Sad Little Went Tent

Sad Little Went Tent

It should come as no surprise that Australia is not the cheapest of countries on our itinerary. That said, the country is well equipped for backpackers on a budget. Like New Zealand, if you watch your $ in the cities and self-cater (camp and cook yourself), you can stretch your dollars pretty far.

Here are a few things we learned:

  • Renting a car, even with the cost of gas, was cheaper than buying train and/or bus tickets for two people to various sites throughout the country. It also meant we had more freedom to see and do what we want. Though we didn’t have the bargain rental we had in NZ, we did pretty well.
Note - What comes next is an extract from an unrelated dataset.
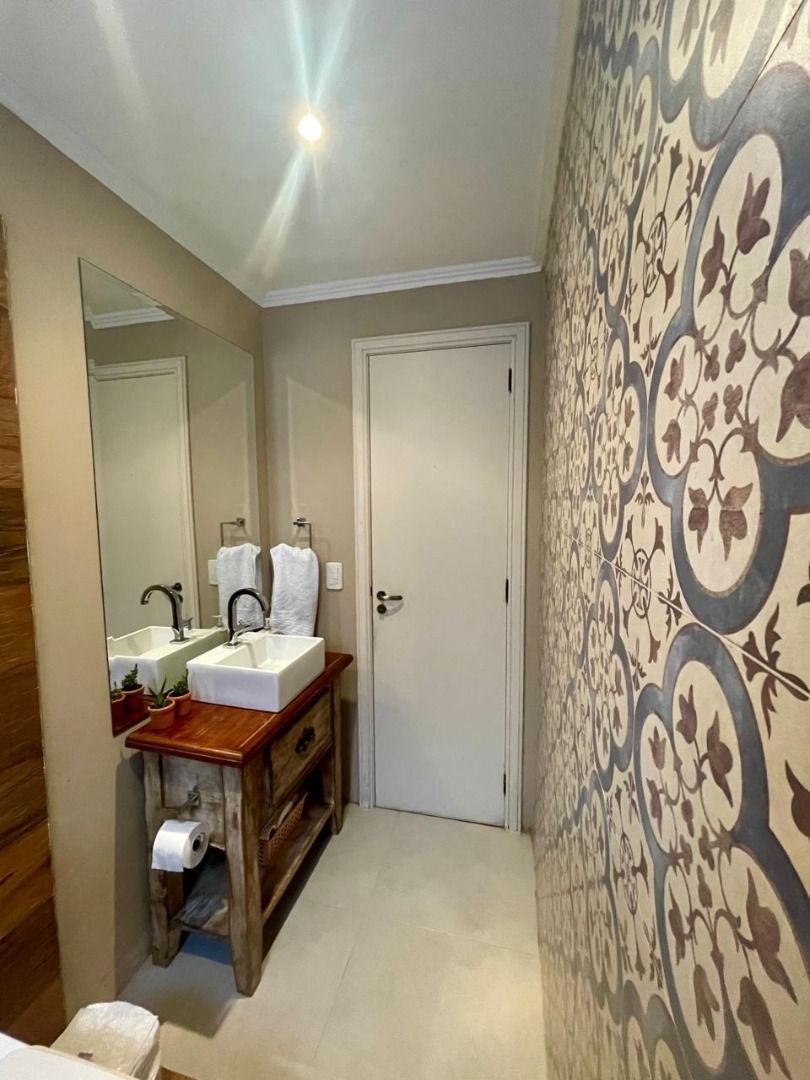Casa à venda com 3 quartos, 226m² - Foto 22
Between the rental and gas, which is cheaper than in NZ but still much more than the US, we spent about $800 and drove just under 5000 km. Without a car, it would have been impossible to really enjoy the Great Ocean Road as well as the quirky towns of the New South Wales Outback. That said, Australia is a HUGE place. We had to give up our hopes of making it to the middle (i.e. Uluru and Alice Springs). There was also the small detail about our car not being allowed to venture into that territory. Apparently it is not a good place to break down!
  • Like NZ, hostels in cities (mostly Sydney) were one of our largest expenses. Both times we visited Sydney, we stayed in newer hostels near the Central Train Station. The location was great and the hostels, particularly the Railway YHA, were new and quite nice. The first time we came through Sydney, we stuck it out in an 8 bed dorm room to save some cash. Yes, that’s 8 people and all their crap in a room about the size of my office at CCHD. The savings wasn’t worth it. We’re just too old for that crap! (I’ll spare you the details of what “crap” entailed.) Our hostel in Darwin was the only bargain, but that might have had something to do with the run down bathrooms, the 5:00am carpet cleaning outside our room and the monsoonal rains of the wet season.
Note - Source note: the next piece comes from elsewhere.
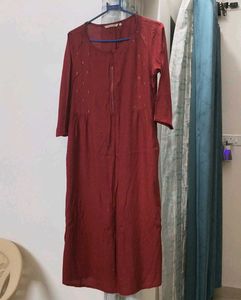 Maroon Micro Print V-neck Kurta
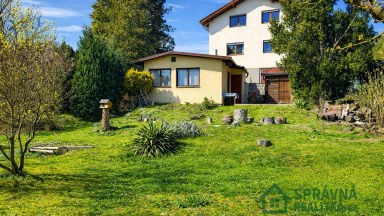 Zahrada 522 m² s chatou na jižním svahu v Plzni na Roudné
  • In most cases, campgrounds were less costly than NZ. The down side of some were that the kitchens had limited equipment. Usually a fridge, a sink, a coin operated grill and some type of hot water maker (electric kettle or hot water tap). Since camp kitchens in NZ were so well equipped, we opted not to buy gas for our stove. This hurt a few times when there was no hot plate or stove, but we managed to be creative with couscous and grilled veggies. An up side of the campgrounds in Oz were that they were mostly inhabited by Australians rather than tourists like ourselves. We met some nice and interesting folks along the way. Like Fred & Shirley – who reminded me of one of those couples being interviewed in When Harry Met Sally – or the Vietnam Vet biker dude from Townsville who will be traveling to DC for Rolling Thunder in May with his local bike club and their sister club in Detroit.
  • Unlike NZ, we never had the sense that we were being gouged because it’s summer here and there are loads of tourists, though I suspect there are always tourists. One exception was Darwin, but that actually worked in our favor. Our room was just a little over half the price of a double room in Sydney – though as previously mentioned it was not as nice. I imagine in the Dry (our summer months) this city crawls with tourists and steeper prices. In general, we didn’t feel like everything was a tourist trap with a price tag down under. The Great Ocean Road and our tour of the wineries – two highlights – cost us only gas money!
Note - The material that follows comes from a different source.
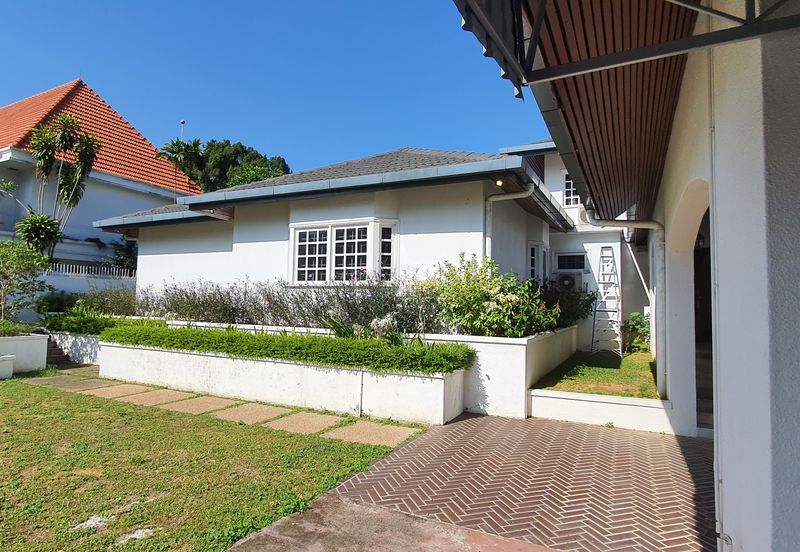 Jalan Taman U Thant 4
  • If you’re looking for the extended holiday but are low on cash, Oz is another good place to look for work. Bulletin boards at hostels are full of postings and most major backpacker centers offer some sort of job placement service. One of our dorm mates in Sydney was working as a server at a restaurant on Darling Harbor making $15/hr plus tips. It seemed to adequately subsidize his drinking habit. Dave and I were briefly entertained by the demand for office/computer work in Alice Springs. How random! Every other place seemed to be agricultural work, but poor little Alice Springs way out in the middle of the country just need someone to sit in an office and do admin work.
  • Obviously getting robbed cost us, but we won’t hold that against Oz.